3.   Informasi tambahan, bila diperlukan untuk menjelaskan reaksi, dapat dituliskan dalam tanda kurung di bagian akhir; misalnya enzim yang mengkatalisis reaksi L-malat + NAD+ = piruvat + CO2 + NADH + H+ diberi nama 1.1.1.37 L-malat:NAD+ oksidoreduktase (dekarboksilasi)
4.   Setiap enzim mempunyai nomor kode (EC) yang menandai tipe reaksi berkenaan dengan kelas (digit pertama), subkelas (digit kedua) dan subsubkelas (digit ketiga). Digit keempat adalah untuk enzim spesifik.
Contoh :
EC1.1.1.1 (Alkohol dehidrogenase) menyatakan kelas pertama (oksidoreductase) subkelas pertama (-C-OH sebagai donor electron) subsubkelas pertama (NAD (P)+ sebagai akseptor electron)

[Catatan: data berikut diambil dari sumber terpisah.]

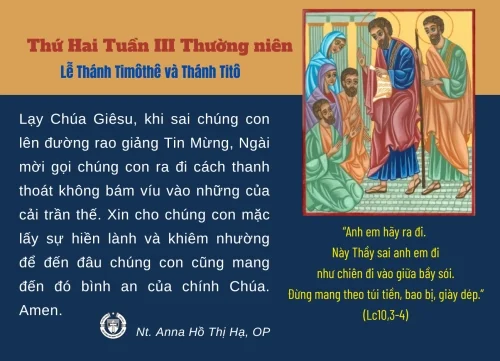 Thứ Hai tuần III thường niên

EC2.7.1.1 (ATP:D-Heksosa-6-fosfotransferase (heksokinase) menyatakan kelas 2 (transferase) subkelas 7 (pemindahan gugus yang mengandung fosfor) subsubkelas pertama (menunjukkan gugus –CH-OH sebagai akseptor).
Sedangkan penggolongan enzim didasarkan pada tempat bekerjanya, substrat yang dikatalisis,  daya katalisisnya, dan cara terbentuknya. Adapun penggolongannya sebagai berikut (Sumarsih, 2008)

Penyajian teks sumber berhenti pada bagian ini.